Acaricia actualizando las
emociones y los sentimientos. La mirada se siente. Los ojos que se depositan en
mi rostro me distinguen del fondo anodino que me rodea. Esa mirada me rescata
de la soledad, para hacerme su huésped.
Explica. Me indica
silenciosamente quién soy. Apela a mi cognición, entiendo que soy responsable
de él. Reconozco en qué nos parecemos y qué nos diferencia, me anoticio de ello.
Al explicarme, me provee del ABC sobre el que se construye mi frágil identidad.
Sostiene. Me da razón del
espacio y el tiempo en los que existimos. Es en esas coordenadas en las que soy
distinguido y singularizado. Se trata de un aquí y un ahora diferenciado de la eterna
infinitud del espacio – tiempo. Ahora y aquí yo no soy cualquier yo y tú no
eres cualquier tú, sólo somos nosotros.
El nivel de profundidad que
logra nuestra introspección en clave dialógica es muy potente.
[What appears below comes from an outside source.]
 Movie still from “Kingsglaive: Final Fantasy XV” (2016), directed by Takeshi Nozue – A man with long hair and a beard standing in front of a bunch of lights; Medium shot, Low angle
Cuando el
silencio nos atraviesa, resuenan las infinitas voces que nos sostienen, que nos
dan fe de que estamos vivos, que le otorgan un sentido a lo que de otro modo
sería una mera supervivencia.
Concluyamos con unas
palabras de Desmond Tutu, obispo anglicano de Ciudad del Cabo – Sudáfrica:
“Mi humanidad está ligada a la tuya, es por
eso que sólo podemos ser humanos juntos.”